What you should do:
With pictures left out, output exactly the lines of the listing below from the line that has "We can go now" to the line that has "In column I, the", both lines kept.

Provided material:
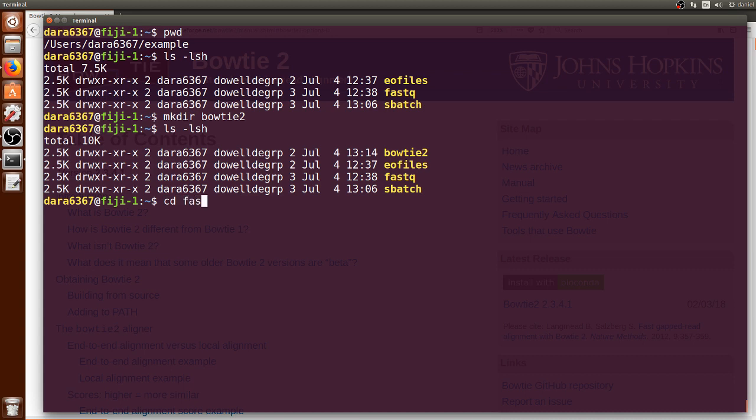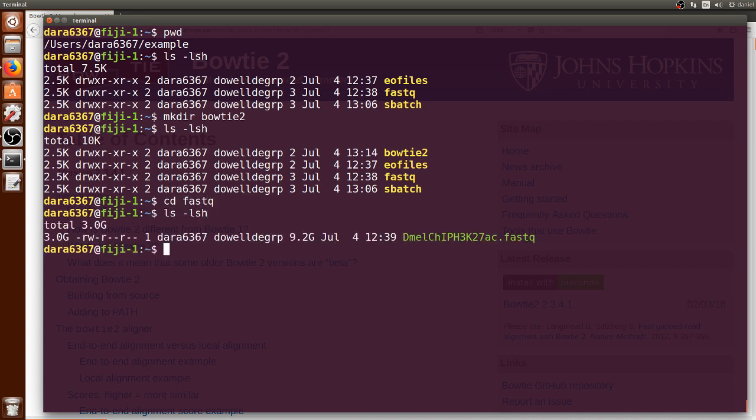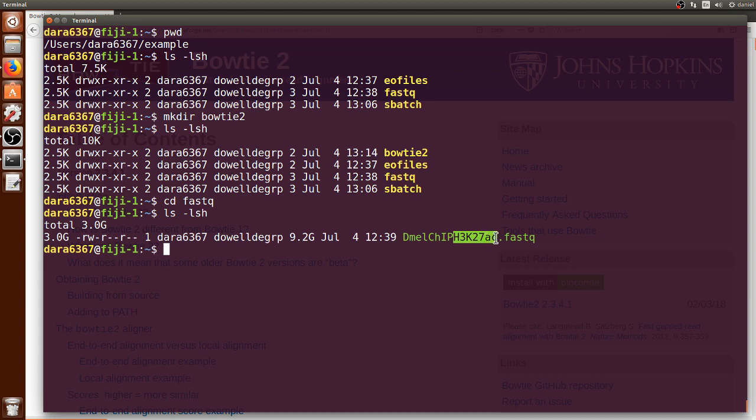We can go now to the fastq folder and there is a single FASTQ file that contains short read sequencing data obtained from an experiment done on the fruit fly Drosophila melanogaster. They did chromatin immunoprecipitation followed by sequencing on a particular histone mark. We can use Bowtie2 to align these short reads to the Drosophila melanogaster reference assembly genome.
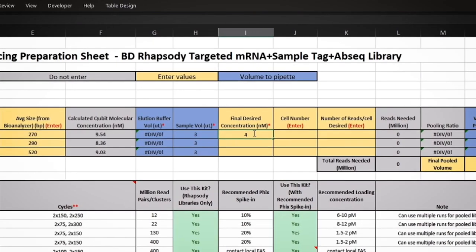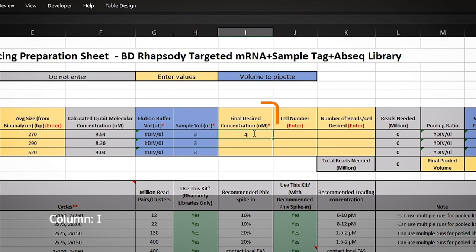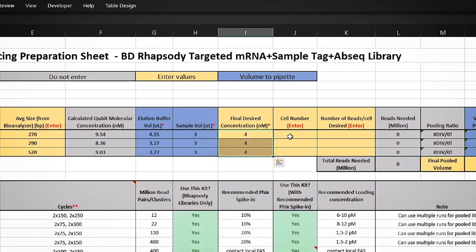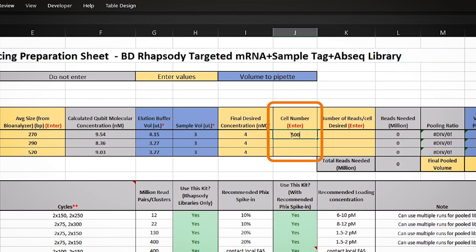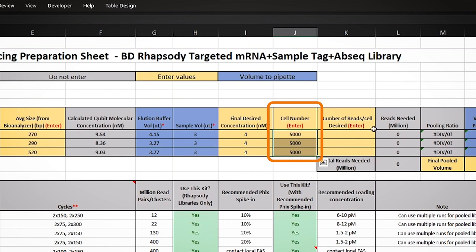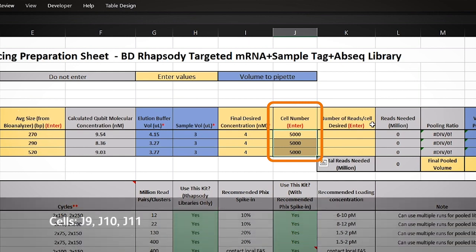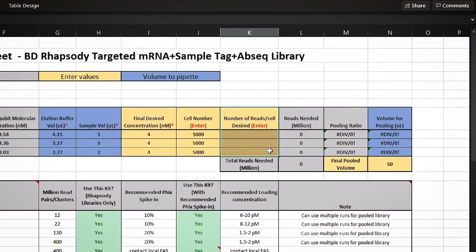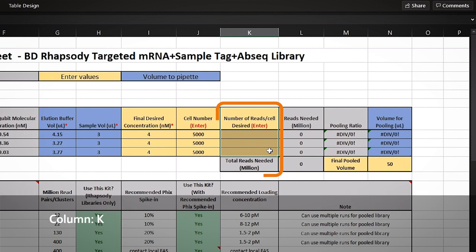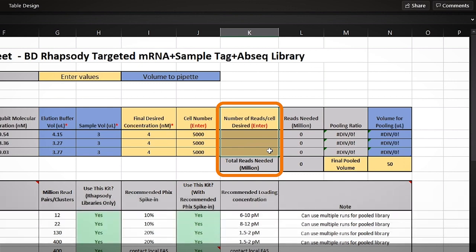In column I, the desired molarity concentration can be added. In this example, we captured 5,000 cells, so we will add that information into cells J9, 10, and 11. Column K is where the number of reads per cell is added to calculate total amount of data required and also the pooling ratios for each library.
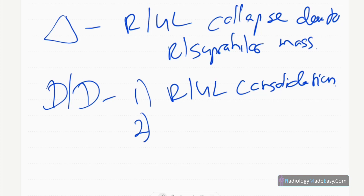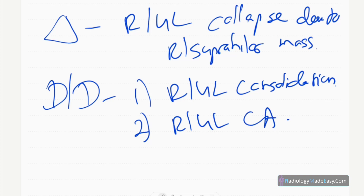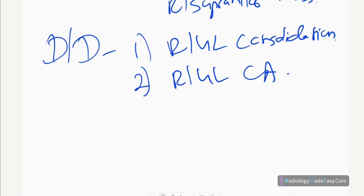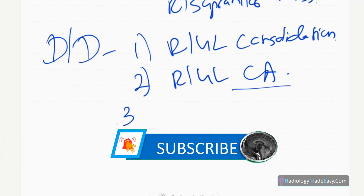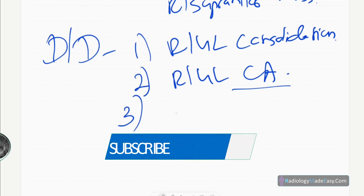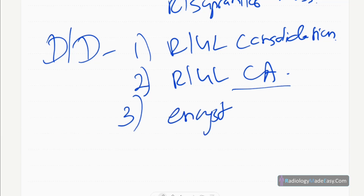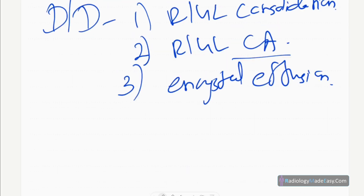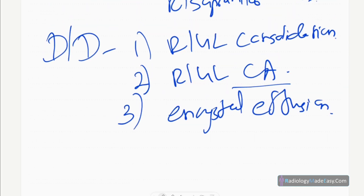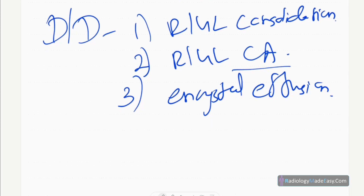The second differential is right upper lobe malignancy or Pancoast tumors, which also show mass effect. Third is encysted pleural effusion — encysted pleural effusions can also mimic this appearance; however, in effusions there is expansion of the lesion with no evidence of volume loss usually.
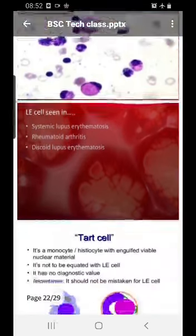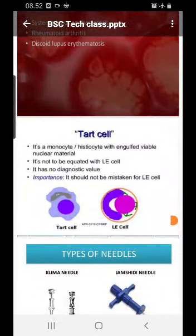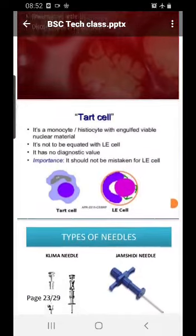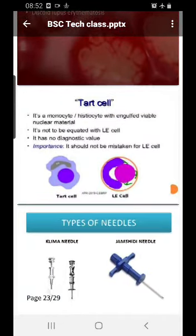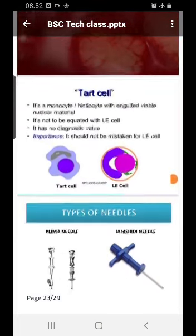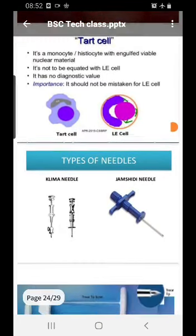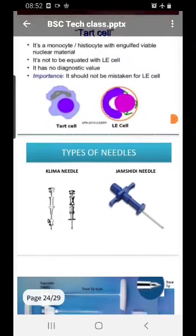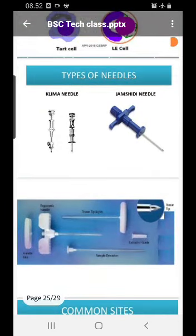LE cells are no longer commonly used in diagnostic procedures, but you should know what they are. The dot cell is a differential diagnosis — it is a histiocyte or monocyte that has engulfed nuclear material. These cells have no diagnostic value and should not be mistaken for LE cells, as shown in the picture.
...
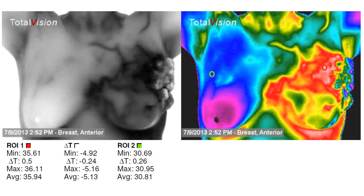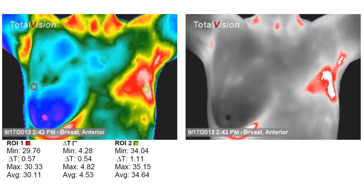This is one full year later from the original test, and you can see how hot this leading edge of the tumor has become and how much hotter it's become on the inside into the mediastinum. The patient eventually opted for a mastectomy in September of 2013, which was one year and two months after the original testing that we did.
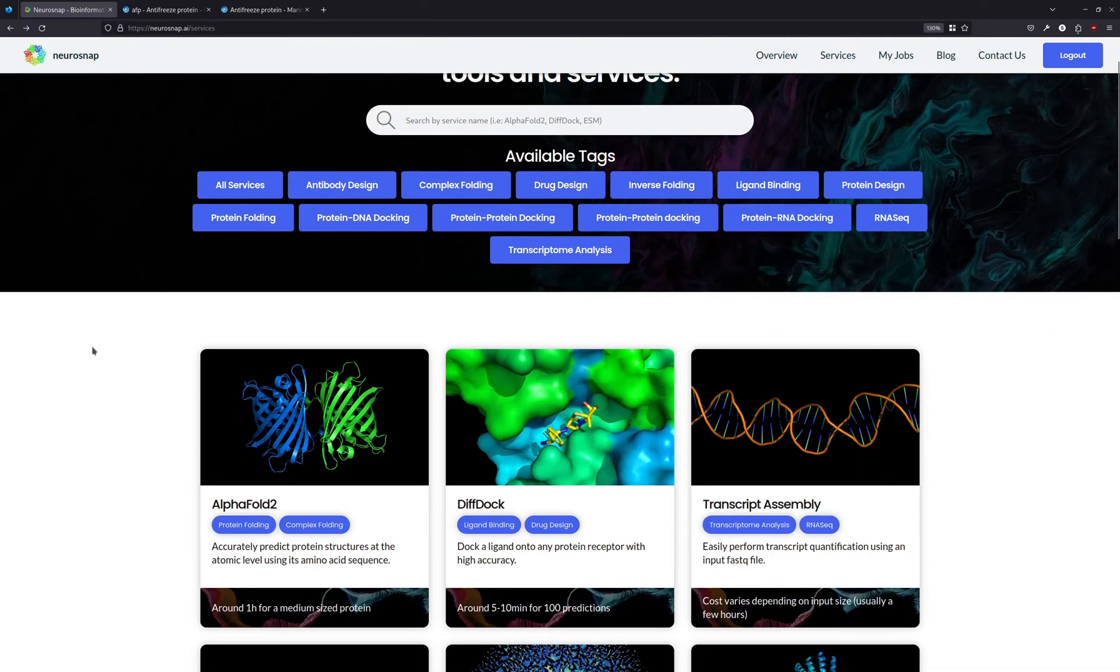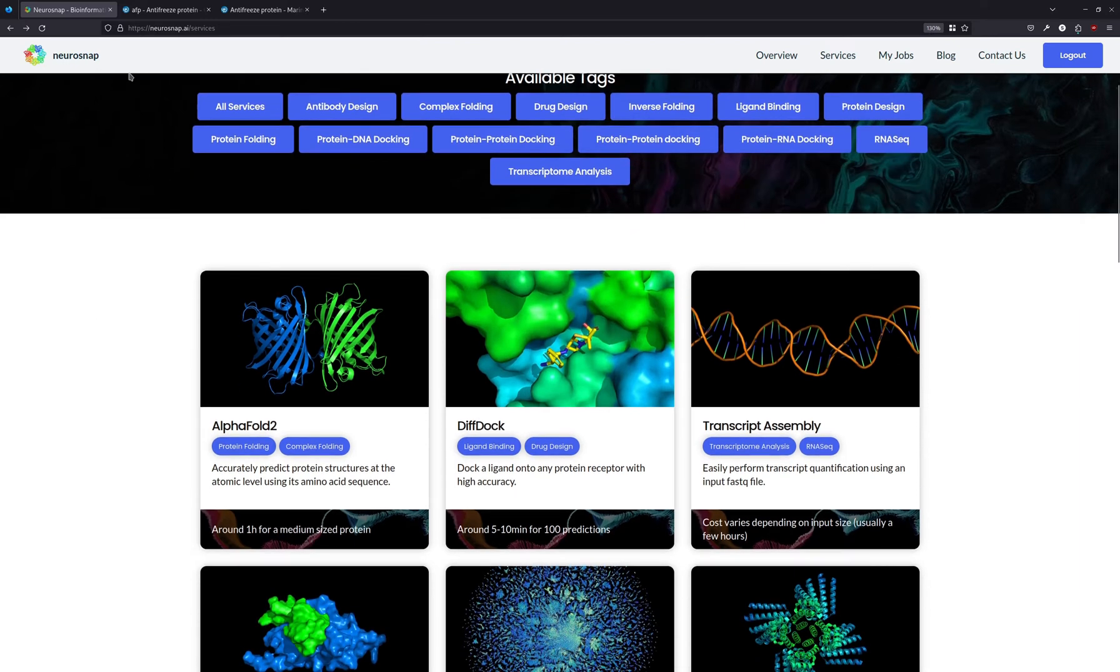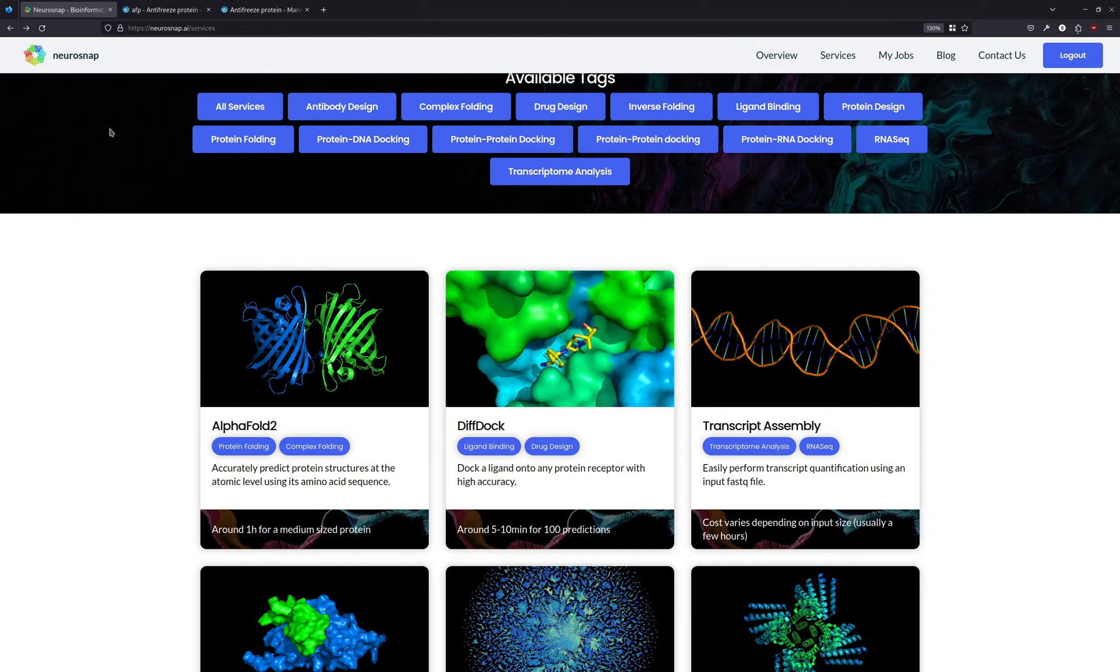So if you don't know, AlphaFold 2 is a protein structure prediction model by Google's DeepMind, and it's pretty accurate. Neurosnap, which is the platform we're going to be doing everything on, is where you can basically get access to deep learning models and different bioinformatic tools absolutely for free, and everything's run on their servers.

Output:
We can go now to the fastq folder and there is a single FASTQ file that contains short read sequencing data obtained from an experiment done on the fruit fly Drosophila melanogaster. They did chromatin immunoprecipitation followed by sequencing on a particular histone mark. We can use Bowtie2 to align these short reads to the Drosophila melanogaster reference assembly genome.
In column I, the desired molarity concentration can be added. In this example, we captured 5,000 cells, so we will add that information into cells J9, 10, and 11. Column K is where the number of reads per cell is added to calculate total amount of data required and also the pooling ratios for each library.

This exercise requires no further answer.